Nach einer Ansicht ist die Bestärkung des Tatentschlusses strafrechtlich nicht relevant und führt demnach nicht zur Beihilfestrafbarkeit. Die Kausalität psychischer Vorgänge sei niemals verifizierbar. Nach dieser Auffassung wäre ein Hilfeleisten der G vorliegend zu verneinen.

Nach der Gegenauffassung kann die Bestärkung des Tatentschlusses eine Behilfehandlung darstellen. Vorliegend hat G durch ihr Heiratsversprechen den Tatentschluss des E verstärkt. Danach läge eine Hilfeleistung vor. Nach dieser Auffassung wäre also von einer Strafbarkeit der G wegen Beihilfe zum Totschlag auszugehen.

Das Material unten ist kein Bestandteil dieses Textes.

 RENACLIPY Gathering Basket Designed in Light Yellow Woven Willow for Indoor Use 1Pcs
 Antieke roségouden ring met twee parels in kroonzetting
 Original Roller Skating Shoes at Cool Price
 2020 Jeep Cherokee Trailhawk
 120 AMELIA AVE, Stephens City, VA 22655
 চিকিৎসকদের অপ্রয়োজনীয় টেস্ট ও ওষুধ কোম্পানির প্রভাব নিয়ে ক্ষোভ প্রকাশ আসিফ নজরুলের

Die Ansichten kommen zu unterschiedlichen Ergebnissen. Eine Stellungnahme ist damit erforderlich. Für die erste Ansicht spricht zwar, dass die Kausalität psychischer Vorgänge sich nur sehr schwer verifizieren lässt. Die Möglichkeit der Kausalität kann man allerdings nicht pauschal verneinen, sondern es handelt sich in erster Linie um ein Beweisproblem. Die psychische Beihilfe wirkt sich ferner über den Täter auch auf die Tat aus (sog. ,,Bestärkerkausalität“). Damit kann das Bestärken des Tatentschlusses eine Beihilfehandlung darstellen. Ein Hilfeleisten i.S.d. § 27 Abs. 1 StG liegt somit vor. (a.A. vertretbar)

Der objektive Tatbestand ist gegeben.

Hinweis: Beachten Sie, dass bloße Anwesenheit bei der Ausführung der Tat für die Annahme der Beihilfe nicht ausreichend ist!

Subjektiver Tatbestand

G handelte ferner vorsätzlich im Hinblick auf die Haupttat und die eigene Hilfeleistung.

Rechtswidrigkeit

G handelte rechtswidrig.

Schuld

G handelte auch schuldhaft.

Ergebnis

G hat sich wegen Beihilfe zum Totschlag gem. §§ 212 Abs. 1, 27 Abs. 1 StGB strafbar gemacht.